Mystery - The easiest way the character can break out of frame is if he or she has elements (usually in the backstory) that aren’t revealed. These are often hinted at. Think of the gossip about Gatsby’s war record and how he acquired his wealth.

Accomplishments - It can’t all be rumor. There needs to be evidence of capability and achievement. In To Kill a Mockingbird, Atticus Finch’s legal skills are on display. But a moment of action that creates wonder is when he shoots the rabid dog. Here’s a talent that was hidden to Scout but implies worlds of possibilities.
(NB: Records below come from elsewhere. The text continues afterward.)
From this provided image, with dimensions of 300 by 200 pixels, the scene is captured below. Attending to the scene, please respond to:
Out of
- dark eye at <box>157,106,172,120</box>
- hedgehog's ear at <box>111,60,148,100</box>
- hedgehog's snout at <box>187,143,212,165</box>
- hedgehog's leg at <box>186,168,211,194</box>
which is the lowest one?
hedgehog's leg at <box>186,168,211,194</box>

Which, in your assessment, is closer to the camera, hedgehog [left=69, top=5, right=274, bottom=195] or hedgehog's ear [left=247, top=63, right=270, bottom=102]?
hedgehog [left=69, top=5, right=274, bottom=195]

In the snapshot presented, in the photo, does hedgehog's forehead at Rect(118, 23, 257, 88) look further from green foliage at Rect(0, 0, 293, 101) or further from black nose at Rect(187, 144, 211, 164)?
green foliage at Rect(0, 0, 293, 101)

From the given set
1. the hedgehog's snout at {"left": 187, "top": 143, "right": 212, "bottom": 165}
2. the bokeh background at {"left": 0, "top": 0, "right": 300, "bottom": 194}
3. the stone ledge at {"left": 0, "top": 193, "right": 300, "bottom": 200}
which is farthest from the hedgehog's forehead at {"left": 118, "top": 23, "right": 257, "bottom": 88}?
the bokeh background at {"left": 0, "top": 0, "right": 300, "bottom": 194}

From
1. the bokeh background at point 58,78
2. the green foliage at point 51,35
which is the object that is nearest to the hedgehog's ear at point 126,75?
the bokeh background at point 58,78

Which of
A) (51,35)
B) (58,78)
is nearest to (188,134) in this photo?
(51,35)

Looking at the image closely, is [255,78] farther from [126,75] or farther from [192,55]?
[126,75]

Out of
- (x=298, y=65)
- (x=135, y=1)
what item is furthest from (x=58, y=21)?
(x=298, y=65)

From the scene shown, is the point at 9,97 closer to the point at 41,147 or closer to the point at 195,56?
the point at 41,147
Courage - I love characters, like Dorothy, who can face down a wicked witch. But the ones you never see sweat provoke a different response. When I was a kid, this was the typical silent cowboy hero. (Clint Eastwood played this character a lot.) And, for an eleven-year-old, James Bond could do the job. Many historical heroes (Lincoln, Columbus, Teddy Roosevelt) fit this model before revisionist histories became a thing. I’m still in awe of Hannibal because he brought elephants across the Alps to take on the Roman Empire. And I know nothing about this foibles.

Contradictions - As long as the story still feels authentic and classically heroic, it’s fine to have moments that are difficult to explain. The point is to open doors, not close them. Like a koan, two pieces that don’t quite fit can imply something bigger.  As Whitman said…

Do I contradict myself?
Very well then I contradict myself,
(I am large, I contain multitudes.)

Most importantly, an inspirational character needs to be larger than life. Something about him or her must reach beyond normal talent, behavior, or capability. And this must be demonstrated.

There is a sideways approach, where the character is humanized, then made inspirational. These are creation stories that end with the character with new, untested powers. Lots of comic hero origin stories have this coming of age aspect that adds to their power. As long as they end before too much is revealed, there can be wonder. I’ll note that many of these creation myths begin with something humble or miraculous  — born in a log cabin or of a virgin. Somehow, setting the character apart or spared (the one who lived) suggests greatness. Elvis Presley, a man from humble beginnings and also the twin who lived, got off to a fine start.

Mythmaking is ripped apart in our culture… and also indulged in. Don’t be afraid to have an anecdote about your inspirational character chopping down a cherry tree or splitting rails. Oh, and it doesn’t hurt to include fate or a prediction.

Some things to avoid…

Don’t make the inspirational character the viewpoint character. Both Gatsby and Finch have their stories told by someone else.

Be careful about showing doubt or internal struggle. Inspirational characters may evoke complex emotions, but they tend to be simple. Feet of clay will only limit the possibilities.

Resist the urge to use humor in a way that could undercut the greatness of the character. Humor is a great leveler, so it is dangerous to these characters. Go ahead and put humor in the draft, but be ready to cut it.

The ending for an inspirational character eliminates possibilities. There is a temptation to make these character into martyrs. Generally a bad idea. Unless they come back to life.

Overall, lean more toward Greek Mythology than toward Christianity. Men becoming gods (or demi-gods) beats a God becoming a man for THIS purpose. Again, not in terms of moral guidance or identification. (I’m not trying to make a statement on how to live. I’m just presenting a writing choice.) Wonder transcends the ordinary, and an inspirational character may be just what you need to tell your story.

1 comment:

  1. Right on about not making your inspirational character a viewpoint character. Not making him a viewpoint character gave Rhett Butler mythic dimensions. Making the priest in The Thornbirds a view point character diminished his impact.